* _Dataset extract_
- - - - -

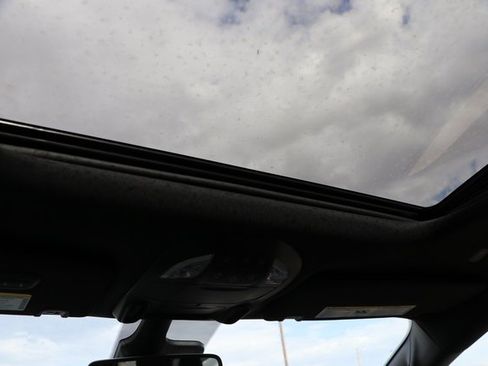 New 2023 Chrysler Pacifica Limited w/ Uconnect Theater Family Group image 35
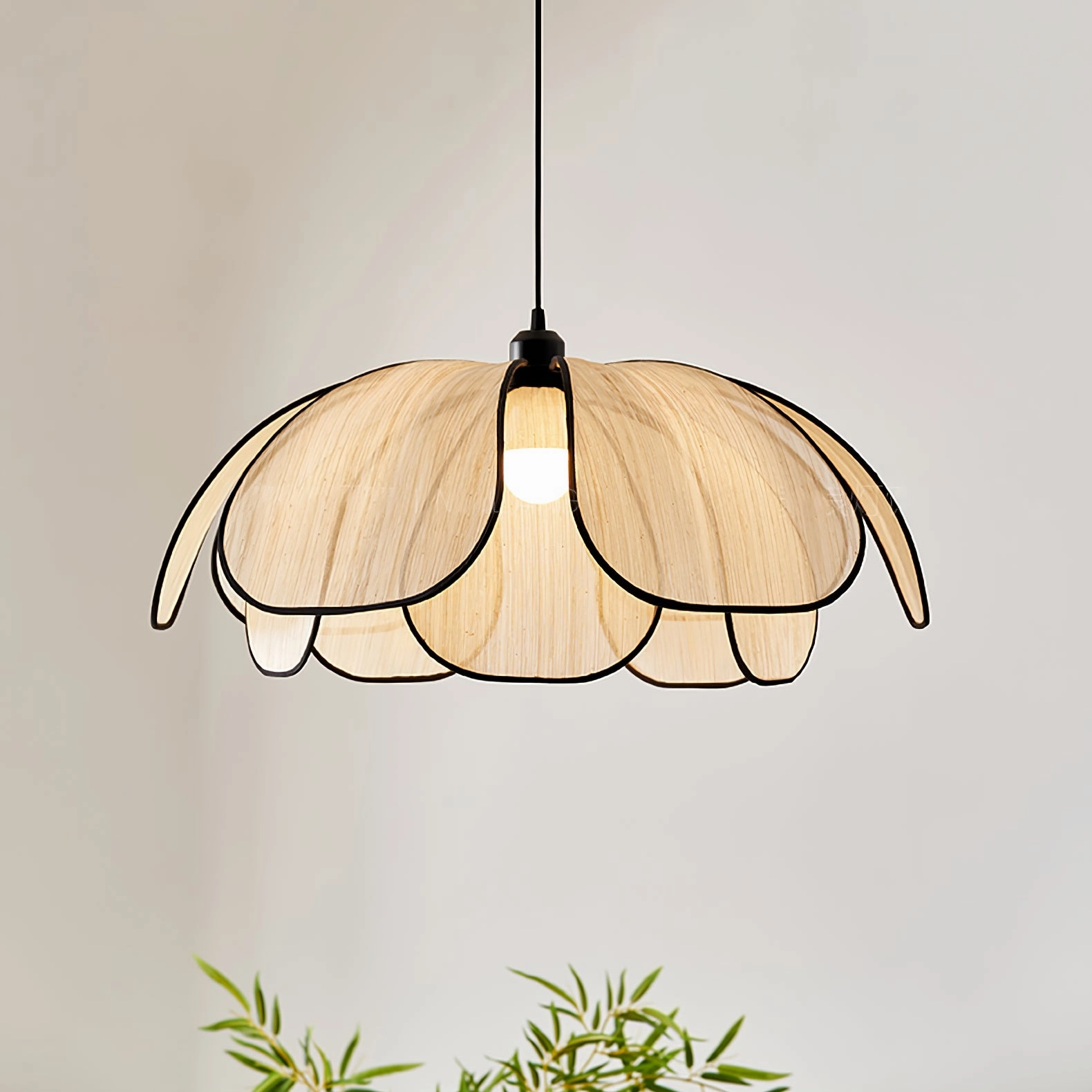 Blossom Leaf Pendant Lamp
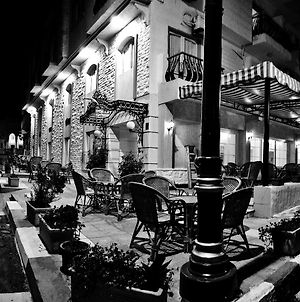 Negresco Hotel Мерса-Матрух Exterior photo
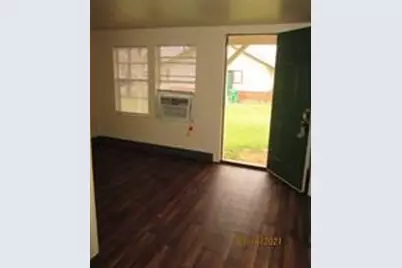 515 W Collins Street, Denton, TX 76201 - Photo 18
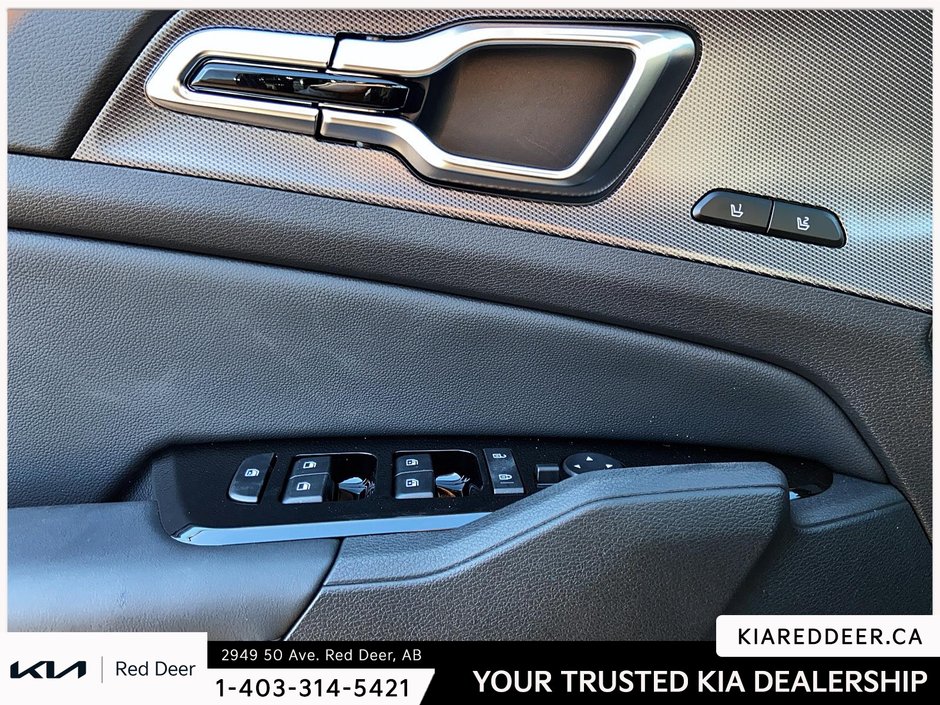 2025 Kia SPORTAGE PHEV SX - Black Interior-17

- - - - -

* _Task brief_
Excluding images, output exactly the lines from the one that holds "Negresco Hotel Мерса-Матрух Exterior photo" through the final line of the material, both ends included.

* _Exercise result_
 Negresco Hotel Мерса-Матрух Exterior photo
 515 W Collins Street, Denton, TX 76201 - Photo 18
 2025 Kia SPORTAGE PHEV SX - Black Interior-17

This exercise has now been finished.